* **Problem requirements**:
Please transcribe exactly the line that holds "Although Keeper will" and all lines that follow it to the end of the records below, omitting any pictures.

* **Task data**:

+--

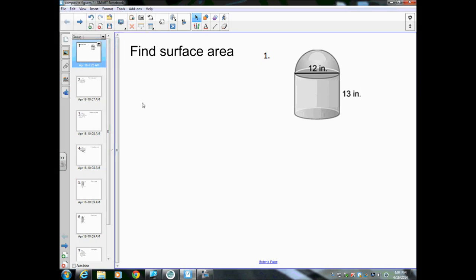We're going to work on our worksheet today to practice composite figures. We're going to start with number one. It says find the surface area — we want the surface area of this entire weird-looking shape.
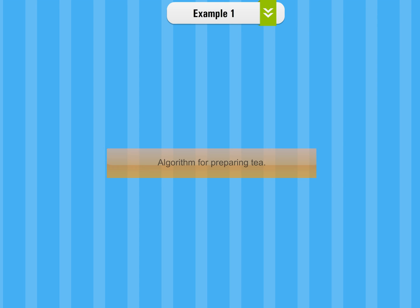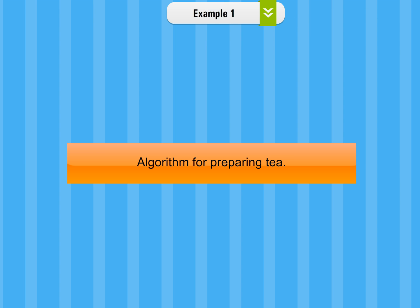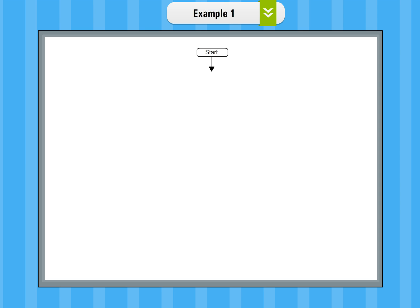Example 1. Algorithm for preparing tea. Step 1: Start.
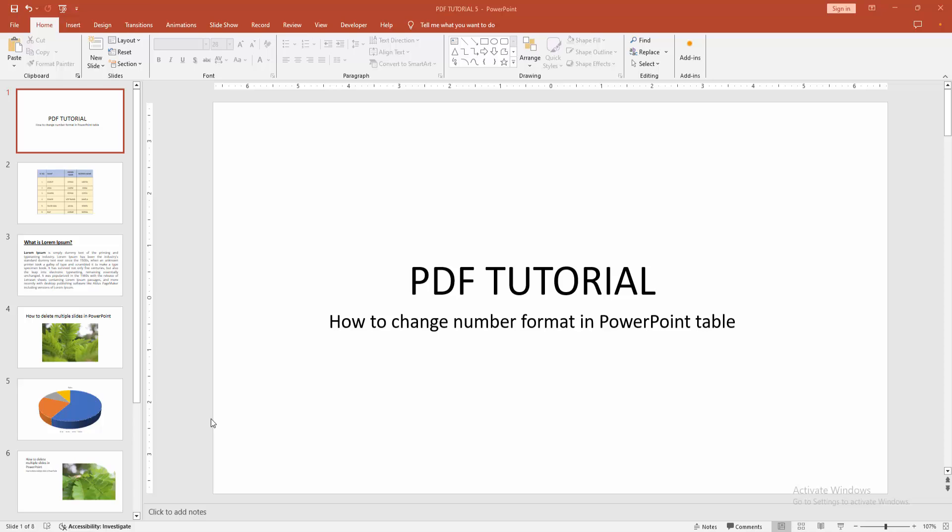Assalamualaikum, hello friends, how are you? Welcome back to another video. In this video I am going to show you how to change number format in PowerPoint table. Let's get started. At first, you have to open a PowerPoint presentation.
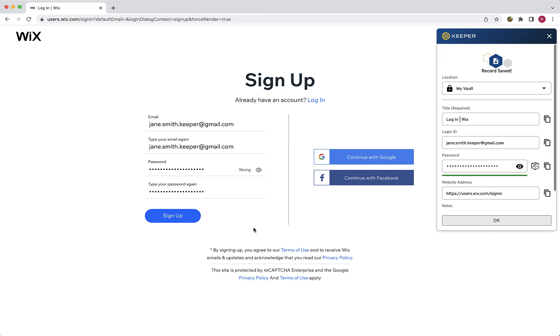Although Keeper will not automatically change the password for you, you can utilize Keeper Fill's change password feature to help you. You can explore this feature in more detail by visiting the link below.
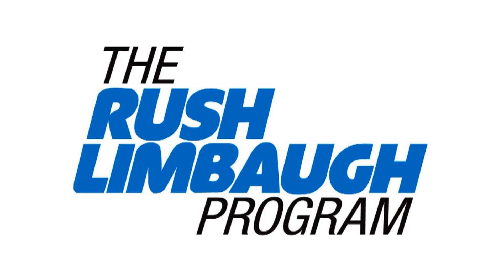This is loathsome even for Limbaugh. Listen what he said about Iraq. James Carville was on last night.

+--

* **Answer space**:
Although Keeper will not automatically change the password for you, you can utilize Keeper Fill's change password feature to help you. You can explore this feature in more detail by visiting the link below.
This is loathsome even for Limbaugh. Listen what he said about Iraq. James Carville was on last night.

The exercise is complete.